La vie, matière fuyante

Dans « Ciseaux, papier, caillou », l’Australien Daniel Keene montre comment se désagrège l’univers d’un tailleur
de pierre frappé
par le chômage.

Gilles Costaz  • 20 mai 2010 abonné·es

Jadis, dans la littérature ­d’inspiration socialiste, l’ouvrier était un héros positif. À voir son image, dans un certain théâtre moderne, on pourrait parler, non d’un héros négatif, mais d’un homme en négatif, comme si tout ce qui se passe en lui et qu’il ne perçoit pas était le plus important de son existence. Ce n’est pas tout à fait l’inconscient. C’est l’inachevé, le suspendu, le mal connu qui rôdent dans la tête de l’être humain.

Ainsi sont les personnages du Norvégien Jon Fosse, êtres simples saisis par des sentiments complexes qu’ils ne savent formuler, et ceux de l’Australien Daniel Keene. C’est ce dernier, Keene, qui revient aujourd’hui à l’affiche, à la Colline, après une certaine désaffection des théâtres français, qui avaient joué et rejoué ses pièces pour le laisser de côté un moment. Mais Ciseaux, Papier, Caillou , qui a d’abord été présenté à la Maison de la culture d’Amiens, le replace au premier rang des auteurs saisissant le monde moderne comme sans effort, comme si ses pièces étaient des dessins faits de quelques rares coups de crayon.
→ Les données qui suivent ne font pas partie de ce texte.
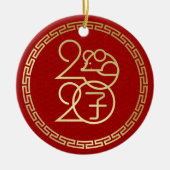 Frohes neues Jahr der Ratte - 2020 - Geometric Keramik Ornament (Vorne)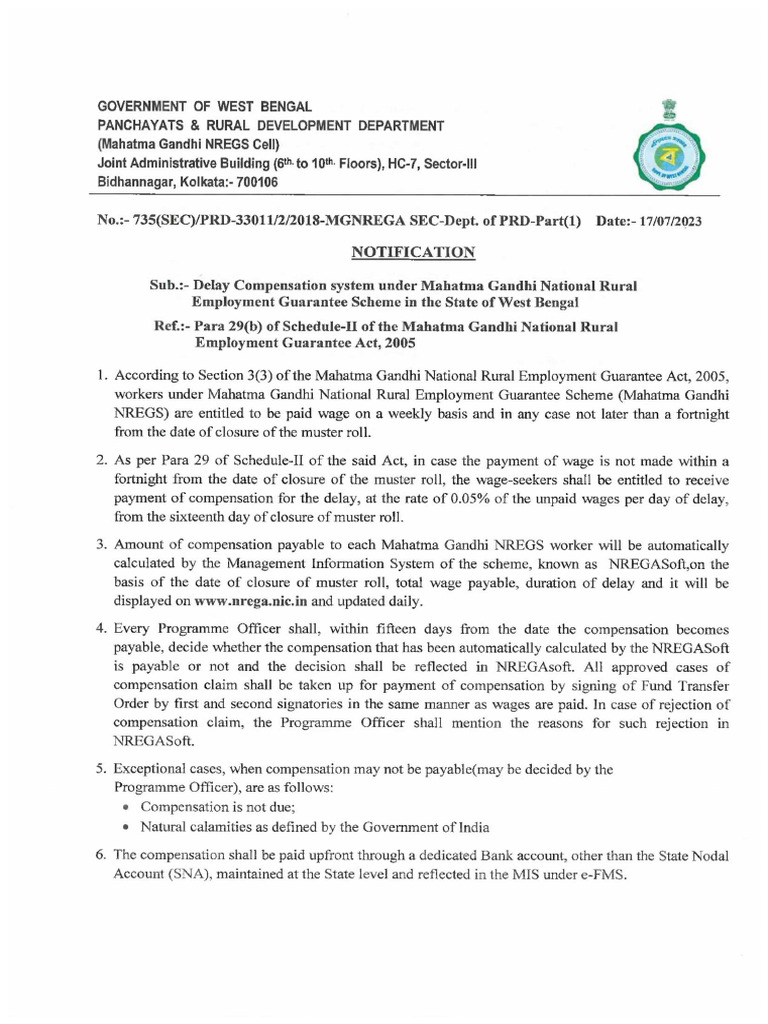 Notification of Delay Compensation - 17-07-2023 | PDF
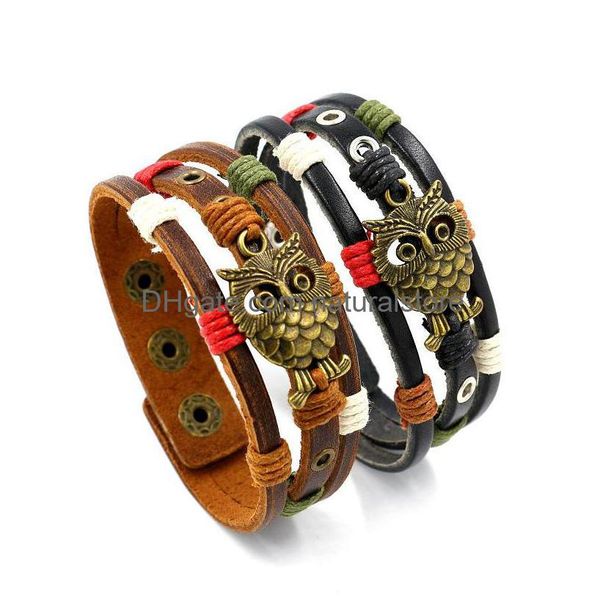 Charm Bracelets Bird Owl Mtilayer Leather Bracelet Bangle Cuff Wrap Black Brown Button Adjustable Wristband For Women Men Fashion Jewe Dh8Rt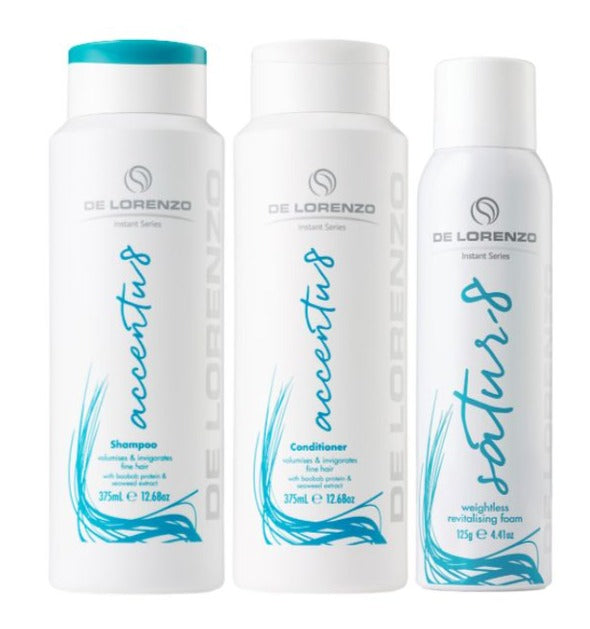 De Lorenzo Instant Accentu8 Shampoo, Conditioner 375ml & Satur8 Foam 125g - Salon Warehouse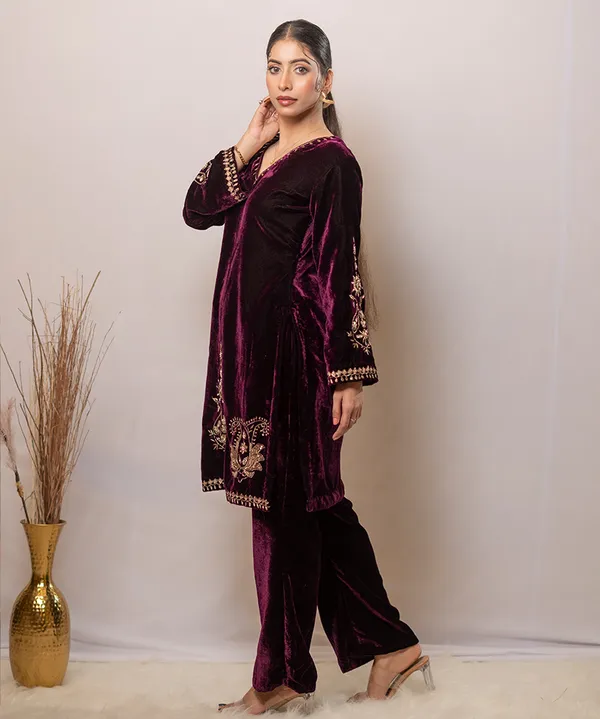 Deep_Wine_Velvet_Zardosi_Co-ord_Set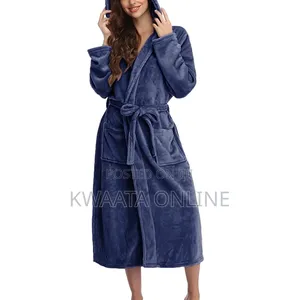 Unisex Fleece Robe Set With Hood, Plush Warm Bathrobe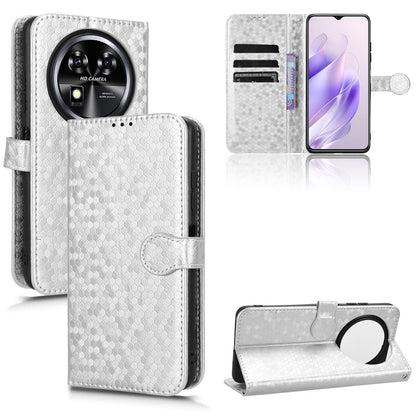 Slim Flip Polka-Dots Phone Case with Card Holder for Oukitel C37, Silver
Un homme est frappé par le chômage. Tailleur de pierre, il est contraint à l’inaction. Il se souvient qu’il n’a sculpté qu’une œuvre d’art, une Vierge, et il part sans cesse avec son chien vers le lieu où il travaillait, tournant en rond dans la brume de sa pensée blessée. Ses relations avec les autres en deviennent difficiles. Avec sa fille, l’accord ne se détruit pas mais se modifie. Avec sa femme, le fossé se creuse, mais pas d’une manière irréversible. Avec son camarade de travail, l’amitié ne fonctionne plus guère que sur le partage d’une cigarette (et le copain aimerait bien ­lutiner la femme quand le mari erre loin de la maison). L’homme brisé tente confusément une difficile ­réconciliation avec lui-même, les siens et le monde.
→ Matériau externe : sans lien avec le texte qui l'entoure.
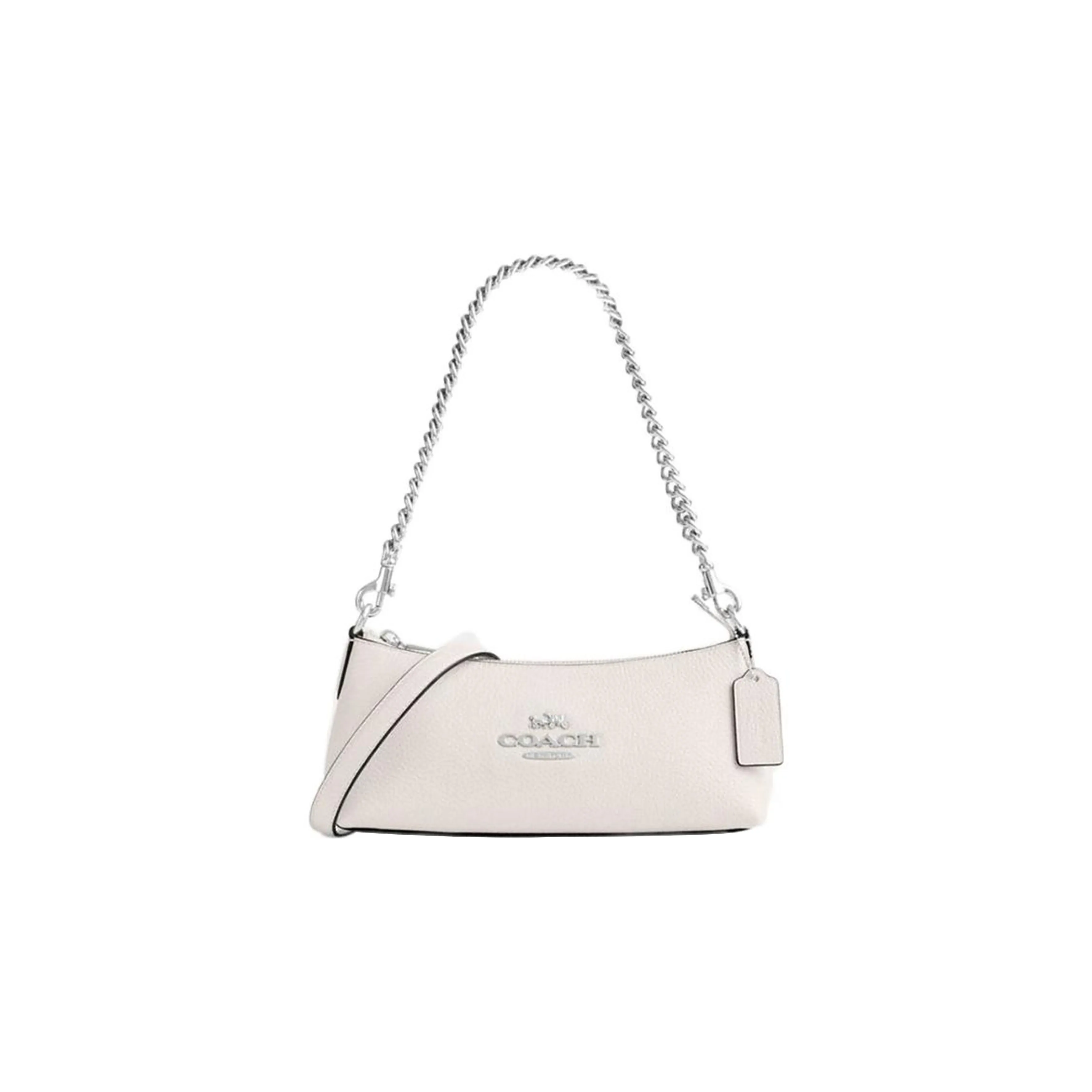 COACH Charlotte Grain Leather Shoulder Bag, Portable Crossbody Bag Women's White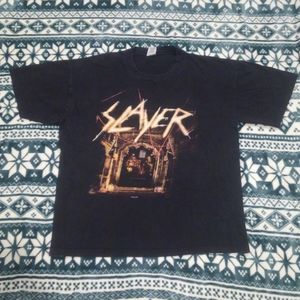 😈 Vtg SLAYER 2001 Y2K 💎🔥 God Hates Us All Shirt XL Vintage Heavy Metal Thrash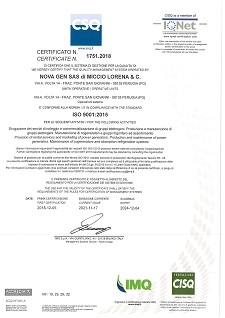 Novagen Certificazione ISO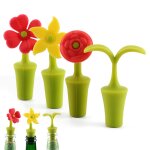 Lot de 4 bouchon de bouteille de vin silicone, bouchons a vin en forme des fleurs bouchons de vin r�utilisable ...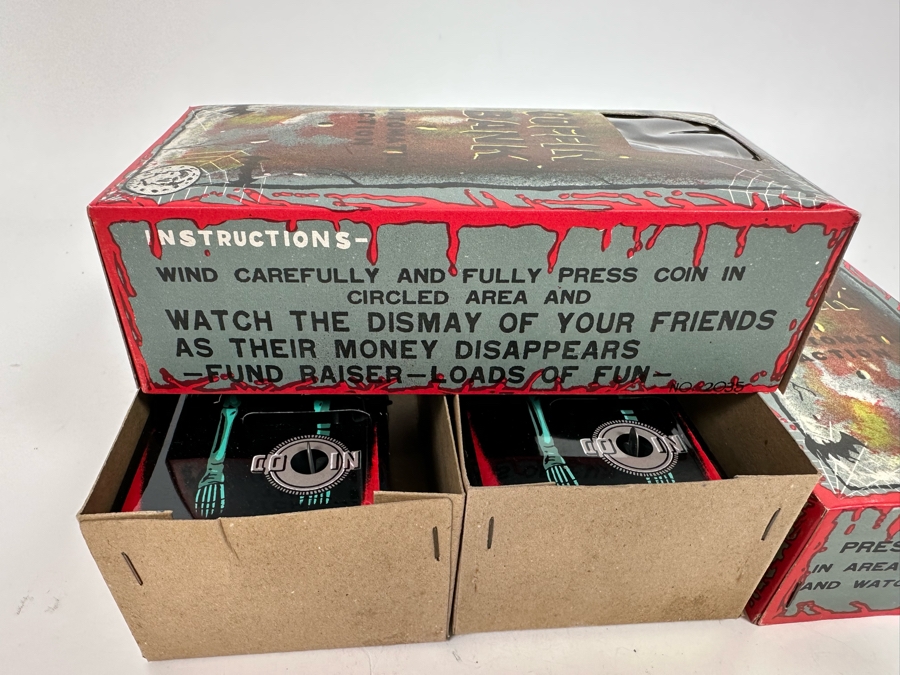 Pair Of New Old Stock Wind-Up Metal Coffin Banks With Original Boxes (Skeleton Arm Comes Out To Grab Coin) Made In Japan [Photo 11]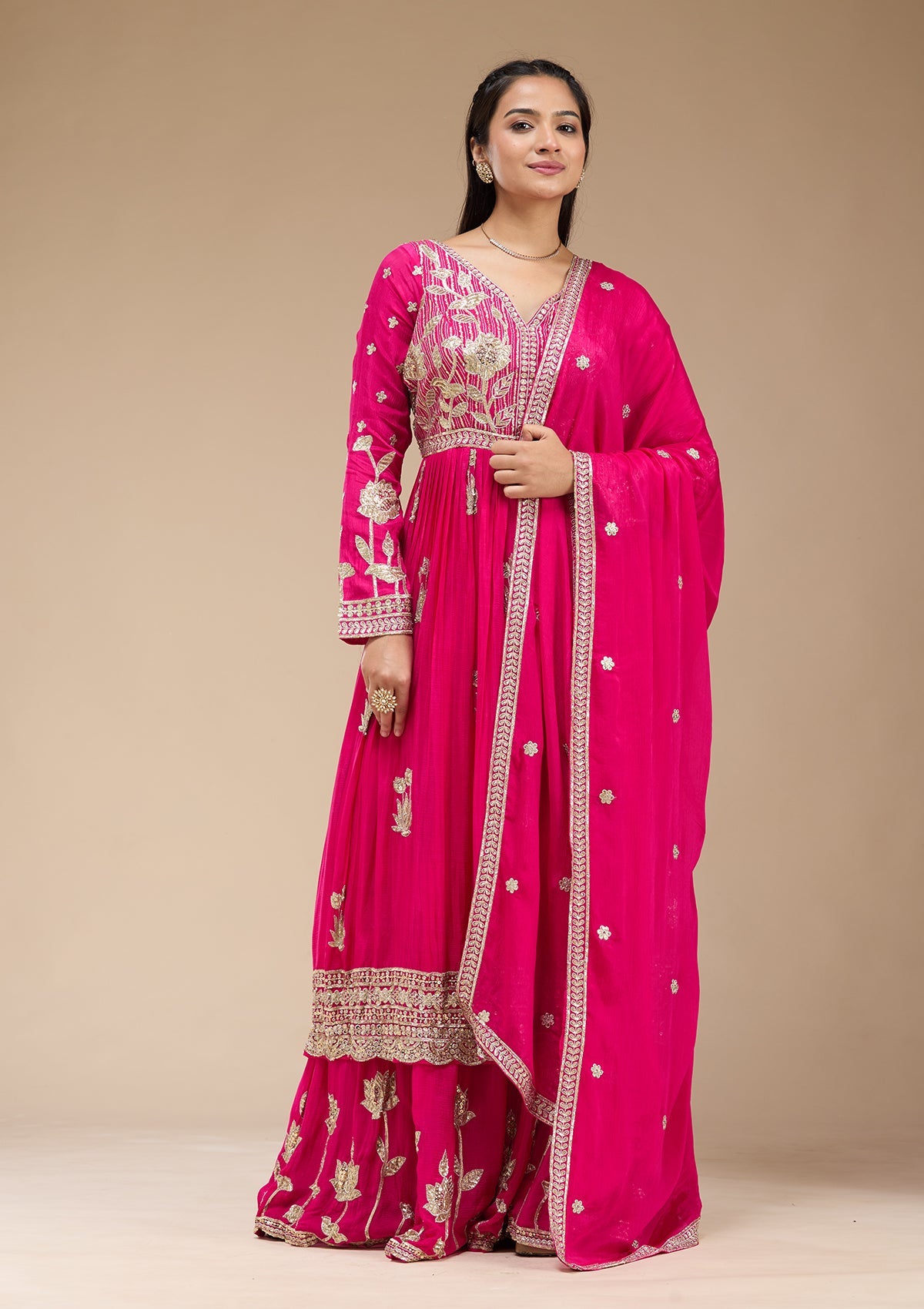 Magenta Pink Sequins Soft Raw Silk Readymade Salwar Suit-koskii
Marie-Christine Soma et Daniel Jeanneteau sont des metteurs en scène de l’épure, à des années-lumière du théâtre social. Il y a bien une table en formica sur la scène, mais c’est pour mieux encadrer la réalité dans ­l’abstrait et le signe. Une bonne partie de l’action se déroule derrière un rideau blanc, ce qui crée non pas des ombres chinoises mais des formes fuyantes, tels des tableaux abstraits dont on doit deviner le sens. La vie est une chose imprécise : il faut donc en cerner le flou en associant le flottant du vague à l’âme et la redoutable précision de la présence humaine.
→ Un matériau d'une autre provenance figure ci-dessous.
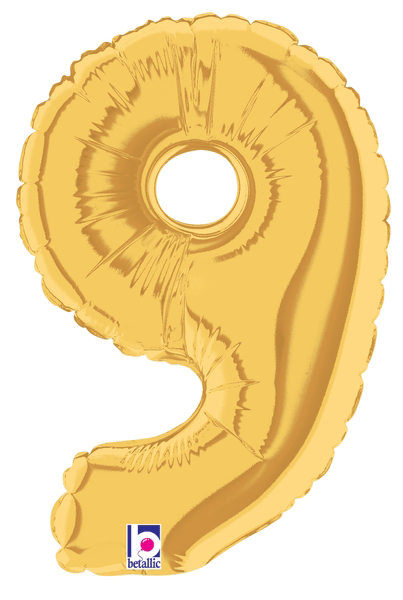 7" Megaloon Jr. Number 9 - Gold (5ct) - Betallic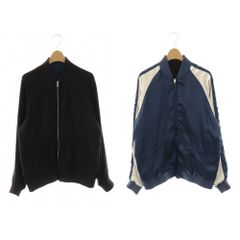 ザショップティーケー THE SHOP TK サテンリバーシブルブルゾン ジップアップ 3 ブラック ネイビー ホワイト/DO ■OS ■SH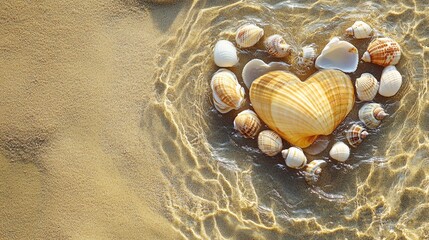 Wall Mural - romantic seashell heart nestled in golden water ripples, symbolizing love and tranquility of coastal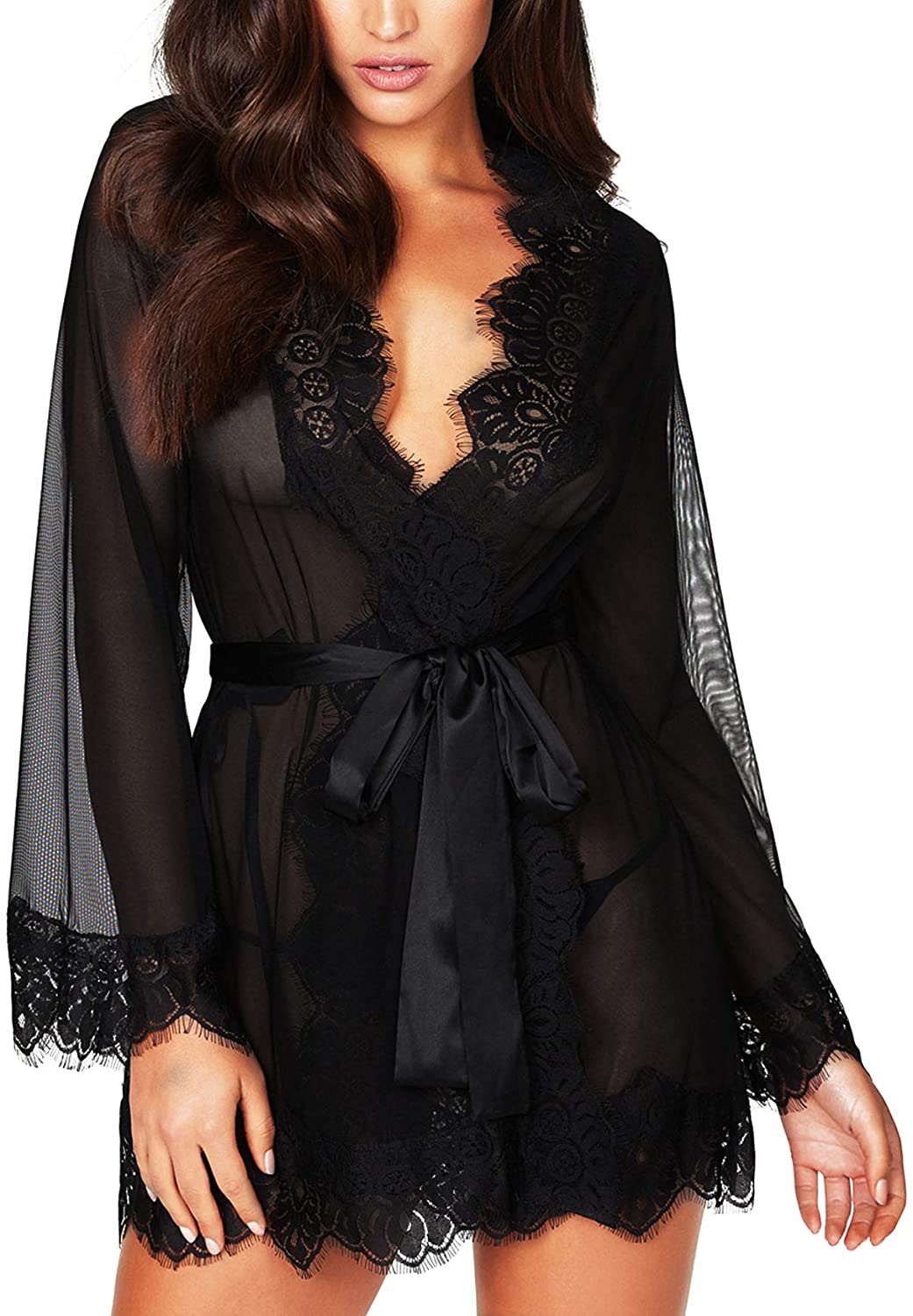 Price:$15.99 Women Lace Kimono Robe Sexy Babydoll Lingerie Mesh Cover Up Bridal Lingerie at Amazon Women’s Clothing store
Carlo Brandt endosse le rôle central du tailleur de pierre égaré avec une admirable et trompeuse placidité. Il compose touche après touche un athlète vaincu, un manuel aux mains inutiles traversé par un rêve obscur. Il est entouré de partenaires qui partagent avec lui ce sens de l’abstrait et du concret imbriqués : Camille Pélicier-Brouet, la fille dansant entre le tumulte et le silence, Marie-Paule Laval, l’épouse pleine d’un amour caché, et Philippe Smith, l’ami banal et sans morale. Avec ses passages du sonore au murmure à peine audible, le spectacle exige un réel effort du spectateur, très heureux cependant de cette acclimatation de l’impressionnisme à la scène.